# For the Kids.. Broken Marriage or Dysfunctional Marriage??



## Loving Husband (Aug 3, 2009)

We see it in posts all the time.. Which is better for kids in the long run? Obviously if the situations were perfect we could pick one or the other but facts are they change.. There is a huge difference in one marriage to another. I am a believer that you must exhaust every method with your spouse before you throw it away. I do believe there are certain things that should end a marriage like Affairs, Abuse whether drugs or physical.. These are marriage killers. Now if a divorce between both parties is both civil.. Then it might be ok for the children cause they would work together. Yet facts are either one or both parties are hurt. That causes conflict. I have a guy at work who had a rough marriage. He ended up in divorce and now sharing the custody of their one child.. The issues were never eseeing eye to eye. Now as they do this apart its worse cause the remarks have hurt feelings attached.. I hear it everyday from him. The daught knows this and has to be subject to it. It could be something like the husband and daughter go out to do something. The mother doesn't approve and they have a little spat between each other. Too me this is the same as if they were married. Plus you also teach them you can always run away when times get tough. Which I believe is why divorce is so high. My state used to have an 18 month cool off period before.. Now that was thrown out. I think that is wrong... 


As for staying together for the kids sake.. If the two parents do not work on their differences you are teaching them to be miserable and not show them a good family life together. Again it depends on how bad the marriage is.. If the parents are still civil and doing things together it can be alright. If they sleep in seperate bedrooms and don't do anything the kids pick up on that. Still at least both parents are in their kids life everyday. Both able to do what they want with them.. When they want too. So I guess what I am saying is people when they get married do not take their vows seriously. They say for better or worse but when the for worse piles up guess what happens. I would love to hear the opinions of others....


----------



## preso (May 1, 2009)

It would be better for the kids to be in neither situation, IDEALLY.. but life is far from ideal.
Would also be good if people didn't start having kids until married some time...
these days I see all kinds of situations, some women have kids, and no plans to marry. Many people have kids and marry for many different reasons, most of which are not good ones.

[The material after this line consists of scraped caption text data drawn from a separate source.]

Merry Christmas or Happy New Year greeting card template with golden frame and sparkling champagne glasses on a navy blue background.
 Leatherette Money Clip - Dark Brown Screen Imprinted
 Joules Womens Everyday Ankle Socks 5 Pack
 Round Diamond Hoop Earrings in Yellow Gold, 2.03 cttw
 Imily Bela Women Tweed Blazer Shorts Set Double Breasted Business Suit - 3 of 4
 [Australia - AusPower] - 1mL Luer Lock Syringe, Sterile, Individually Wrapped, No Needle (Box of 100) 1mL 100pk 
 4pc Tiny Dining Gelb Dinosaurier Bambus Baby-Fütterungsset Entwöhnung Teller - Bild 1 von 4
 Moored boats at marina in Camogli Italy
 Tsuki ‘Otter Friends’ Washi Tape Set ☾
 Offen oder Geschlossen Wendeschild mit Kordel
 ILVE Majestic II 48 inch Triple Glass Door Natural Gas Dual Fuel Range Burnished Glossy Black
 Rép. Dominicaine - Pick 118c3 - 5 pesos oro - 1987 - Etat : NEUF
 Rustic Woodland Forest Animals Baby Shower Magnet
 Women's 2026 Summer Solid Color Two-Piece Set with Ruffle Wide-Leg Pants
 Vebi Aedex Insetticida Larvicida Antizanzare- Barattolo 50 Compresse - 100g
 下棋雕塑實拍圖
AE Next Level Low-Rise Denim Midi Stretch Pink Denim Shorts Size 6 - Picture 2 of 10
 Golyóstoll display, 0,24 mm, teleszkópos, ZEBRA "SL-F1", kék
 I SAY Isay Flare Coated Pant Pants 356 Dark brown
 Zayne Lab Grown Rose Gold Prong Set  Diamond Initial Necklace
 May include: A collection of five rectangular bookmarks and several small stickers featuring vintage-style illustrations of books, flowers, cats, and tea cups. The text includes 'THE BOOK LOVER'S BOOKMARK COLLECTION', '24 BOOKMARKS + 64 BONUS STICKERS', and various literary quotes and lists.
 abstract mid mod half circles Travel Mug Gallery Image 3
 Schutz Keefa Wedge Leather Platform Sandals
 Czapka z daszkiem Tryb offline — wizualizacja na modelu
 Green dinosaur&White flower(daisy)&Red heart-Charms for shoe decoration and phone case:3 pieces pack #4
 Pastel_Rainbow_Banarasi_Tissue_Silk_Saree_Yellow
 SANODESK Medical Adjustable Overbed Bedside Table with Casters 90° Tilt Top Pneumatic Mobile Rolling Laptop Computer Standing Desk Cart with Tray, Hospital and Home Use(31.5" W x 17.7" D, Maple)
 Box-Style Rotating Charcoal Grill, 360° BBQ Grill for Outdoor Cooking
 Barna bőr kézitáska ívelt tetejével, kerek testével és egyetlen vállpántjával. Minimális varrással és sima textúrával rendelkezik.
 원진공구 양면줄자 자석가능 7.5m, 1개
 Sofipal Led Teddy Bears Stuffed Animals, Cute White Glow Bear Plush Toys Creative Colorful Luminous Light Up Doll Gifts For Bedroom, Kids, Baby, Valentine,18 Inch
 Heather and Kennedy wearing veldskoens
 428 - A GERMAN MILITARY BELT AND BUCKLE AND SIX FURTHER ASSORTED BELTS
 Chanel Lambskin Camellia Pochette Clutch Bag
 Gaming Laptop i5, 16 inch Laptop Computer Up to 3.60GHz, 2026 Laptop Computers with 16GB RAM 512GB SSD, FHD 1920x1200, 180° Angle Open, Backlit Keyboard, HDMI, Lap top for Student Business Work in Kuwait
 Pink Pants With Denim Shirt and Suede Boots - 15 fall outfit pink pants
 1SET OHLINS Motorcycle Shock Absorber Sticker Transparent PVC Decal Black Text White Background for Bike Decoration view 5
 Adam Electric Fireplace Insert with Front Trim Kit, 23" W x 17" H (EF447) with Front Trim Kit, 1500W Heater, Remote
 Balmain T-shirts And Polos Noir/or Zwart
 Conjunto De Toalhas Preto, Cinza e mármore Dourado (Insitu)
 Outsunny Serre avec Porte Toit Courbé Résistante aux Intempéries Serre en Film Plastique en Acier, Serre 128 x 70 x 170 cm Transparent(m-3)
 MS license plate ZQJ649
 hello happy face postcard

but of the 2 situations you listed, it would be better for the kids to have parents who divorced than live with parents who are dysfunctional people in a bad relationship.


----------



## Rhea (May 16, 2009)

preso said:


> but of the 2 situations you listed, it would be better for the kids to have parents who divorced than live with parents who are dysfunctional people in a bad relationship.


:iagree::iagree::iagree:


----------